You can use Oracle Enterprise Manager to create and edit your materialized view logs, as shown in Figure 7.6. You get to this screen by clicking on the Materialized View Logs link on the Administration page and then clicking on the Create button. The first step is to enter the table name, such as EASYDW.CUSTOMER. Note that you can only specify the name of the table on which the materialized view log is being defined—the name of the materialized view log itself is automatically determined by Oracle and cannot be modified by the user. Pressing the Go button will give you a list of available columns. From this list, you can choose the columns you would like to add to the materialized view log. Once you have made your choices, you can click the Show SQL button to see the SQL command or click OK to create the materialized view log.

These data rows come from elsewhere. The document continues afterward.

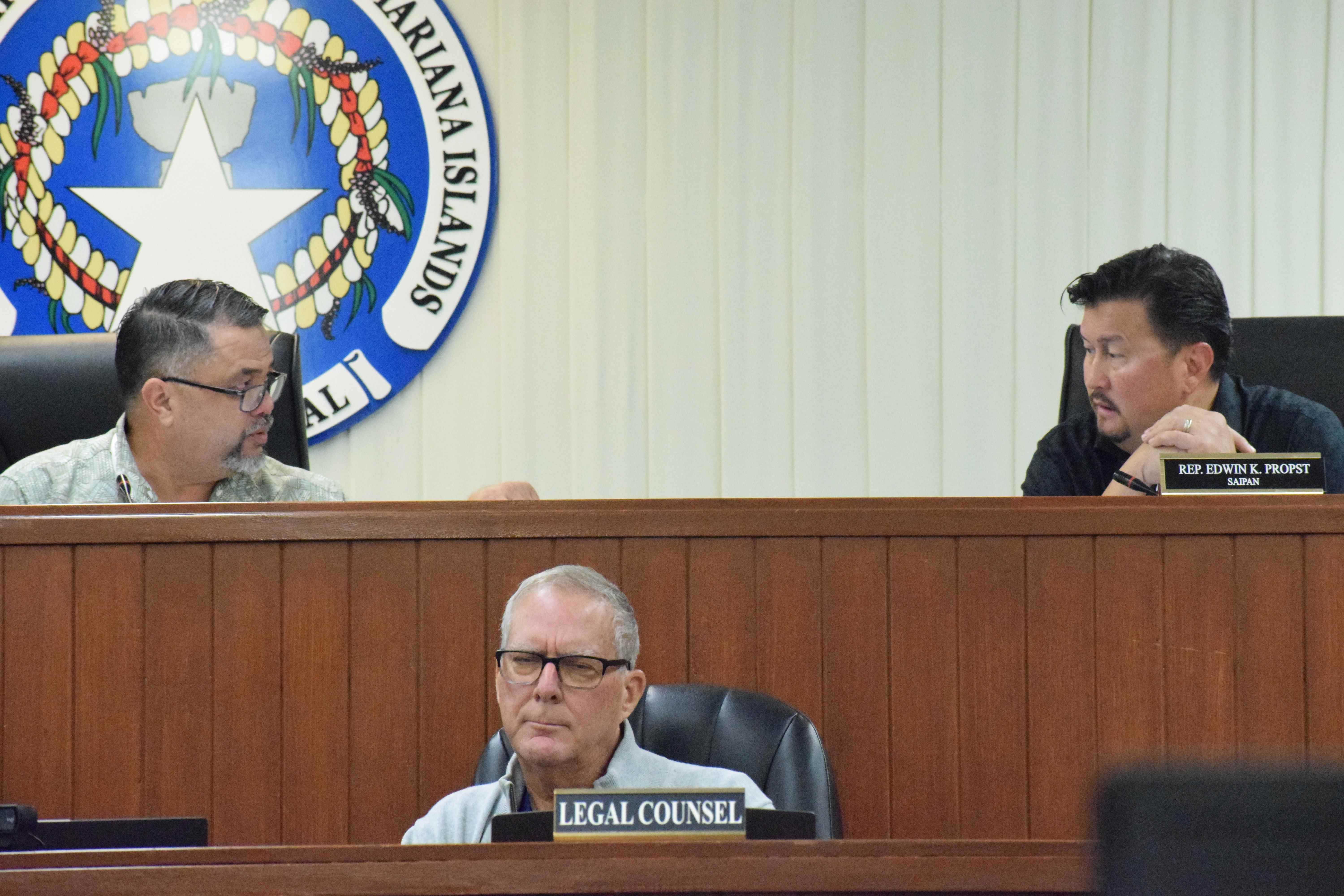 House Special Committee on Federal Assistance and Disaster-Related Funding Chairman Ralph N. Yumul and Vice Chairman Edwin Propst confer during a meeting on Thursday in the House chamber. Also in photo is House legal counsel, John Bradley.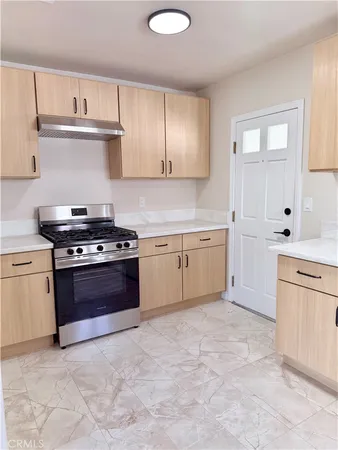 a kitchen with stainless steel appliances granite countertop a stove a sink and a refrigerator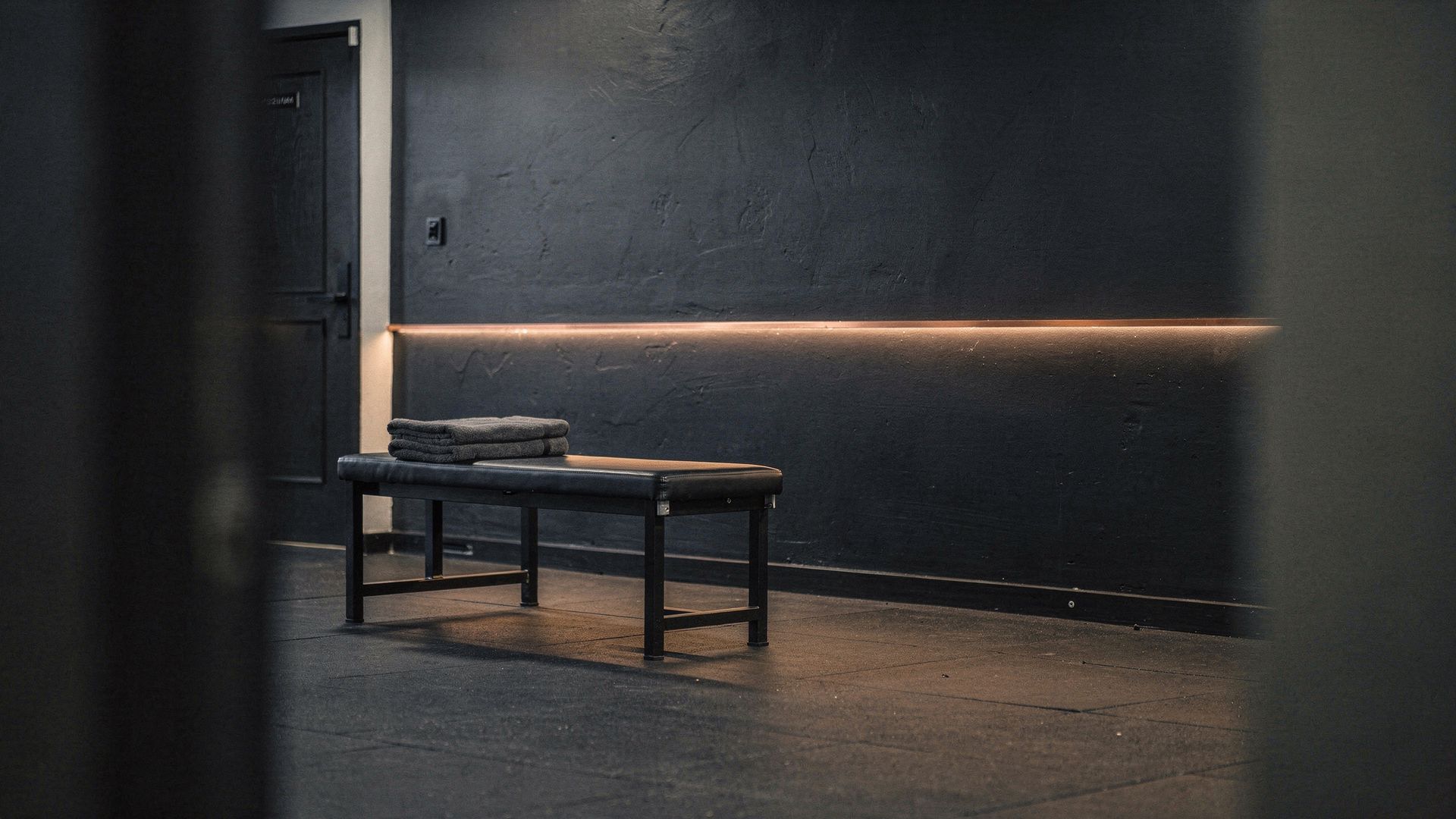 An empty training room with one bench and a warm light line, ready for the next appointment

Creating a Materialized View Log in Oracle Enterprise Manager

Figure 7.6. Creating a Materialized View Log in Oracle Enterprise Manager

Other Requirements for Fast Refresh

In addition to requiring materialized view logs on the detail tables, the defining query of a materialized view to be fast refreshed must adhere to certain rules. For example, if the materialized view contains an aggregate operator, it must also include some additional supporting aggregates—if the materialized view had SUM(x) or AVG(x), it must also have COUNT(x); if it had STDDEV(x), it must also include SUM(x), COUNT(x), and SUM(x * x). In the previous section, we saw an example of the PRODUCT_CUSTOMER_MV, where we needed to include ROWID columns for the detail tables in the materialized views.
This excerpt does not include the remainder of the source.